Do All Lives Matter? George Eliot would respond with a resounding “yes”—at least according to the many readers and critics who have understood her ethics in terms of universal human fellowship. And yet, wouldn’t that answer be fraught?

Though differently framed, this is the conundrum Thomas Albrecht brings to our attention in The Ethical Vision of George Eliot. Eliot’s ethics are often aligned with sympathy, empathy, and fellow feeling. Under these “communal imperatives,” as Albrecht styles them, one strives to overlook individual differences and recognize  instead the commonalities between oneself and others. As Albrecht puts it, individual differences become an “existential predicament . . . that ethics should attempt to bridge” (2).

In his chapter on Daniel Deronda, Albrecht demonstrates Daniel’s adherence to the communal imperative through his “spontaneous compassion for a stranger” (121). Coming upon a despairing young woman—Mirah Lapidoth—by the Thames, Daniel “fe[els] an outleap of interest and compassion towards her” that results in his saving her life (121). In what would seem to be a display of true Eliotic ethics, Daniel overlooks Mirah’s status as a stranger, and shows an “inclination to care indiscriminately for the feelings and situations of others” (121). Surely, this is ethical behavior that reflects, in turn, Eliot’s ethical vision?

According to Albrecht: no. Despite the seemingly incontrovertible goodness of indiscriminate fellow-feeling, Albrecht remains suspicious of it—and he derives this suspicion from Eliot herself. From Eliot’s essays and letters to her final novel, Albrecht uncovers an undercurrent of censure toward the communal imperative. In the case of Daniel Deronda, Albrecht posits that Daniel’s empathy toward Mirah is founded upon on two related (and unethical) conceits.

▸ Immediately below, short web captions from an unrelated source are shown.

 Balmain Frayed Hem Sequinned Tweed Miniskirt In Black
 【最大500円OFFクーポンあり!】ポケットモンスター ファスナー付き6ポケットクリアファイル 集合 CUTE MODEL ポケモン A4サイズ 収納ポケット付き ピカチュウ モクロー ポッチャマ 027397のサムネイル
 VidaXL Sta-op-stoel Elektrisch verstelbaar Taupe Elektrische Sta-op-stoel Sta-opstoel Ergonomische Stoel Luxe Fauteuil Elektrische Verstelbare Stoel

First, it depends upon denying Mirah’s individuality: likening her variously to “a song, a painting, a statue, and . . . a character from a tragedy,” Albrecht says, “Daniel subsumes Mirah’s specific tragedy . . . into a general category” (122). Second, having successfully negated her individuality, Daniel “egoistically assimilate[es] her into himself” (124): Mirah “blends with Daniel’s images of himself and his sorrow,” coming to represent his own despair (122). Far from encompassing Eliot’s ethical vision, Albrecht argues, Daniel’s spontaneous communion with the other is “fundamentally self-referential and self-serving” (124).

Returning to the fraught question with which I began, it strikes me that the communal imperative is precisely the mechanism by which Black Lives Matter is subsumed into All Lives Matter: the insidiousness of ALM is that its claims to ethical correctness are bolstered precisely by its refusal to acknowledge difference. Put this way, the suspicion with which Albrecht treats Eliot’s celebrated communal ethics seems not only justified, but also urgent.

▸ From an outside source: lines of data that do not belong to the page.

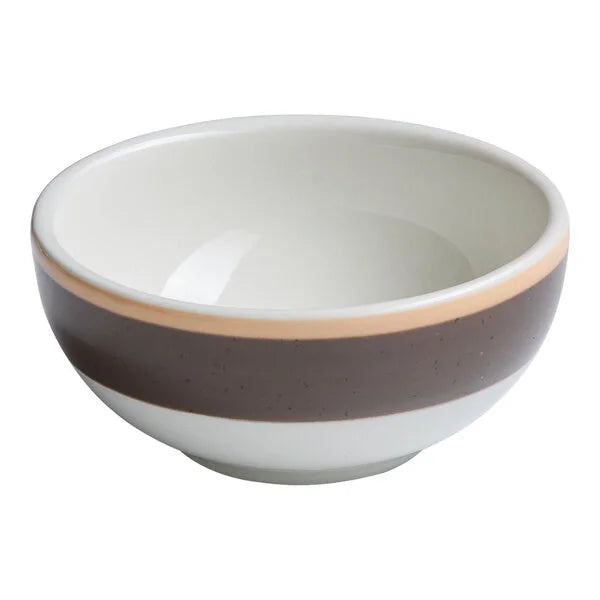 Ariane Twister 5 1/2" Mokka and White Two-Tone Round Porcelain Bowl ( Case Of 8 )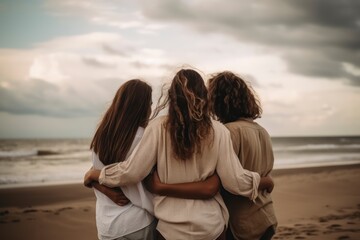Fototapeta premium people friends embracing at the beach facing looking at the sky. Generative AI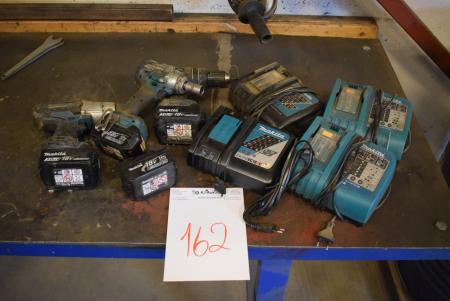 Miscellaneous cordless Makita with charger + batteries. Are tested ok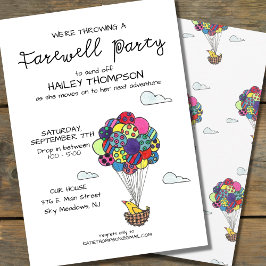 Hot Air Balloons Farewell Party Invitation Einladung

Irrespective of ALM, Albrecht’s arguments draw attention to the flawed and insufficient nature of the communal imperative. Who among us, for instance, would claim that texts are worthy of consideration based solely on their “relatability”? Do any of us believe in practicing social distancing only insofar as we are ourselves immuno-compromised? These are just some of the timely issues raised, if only implicitly, by Albrecht’s reassessment of Eliot’s ethics.

Indeed, one question to ask about this book, particularly in the context of V21, might be: why always Eliot? One of V21’s theses proposes “a new openness to presentism,” and another rejects “a situation in which Victorianists are our own and only interlocutors.” The title of this book is The Ethical Vision of George Eliot, and it delivers on that promise—but given the scope and relevance of its topic, should it have promised more? In other words, should it have framed its powerful synergies with the current political moment more explicitly? What might be gained or lost by doing so?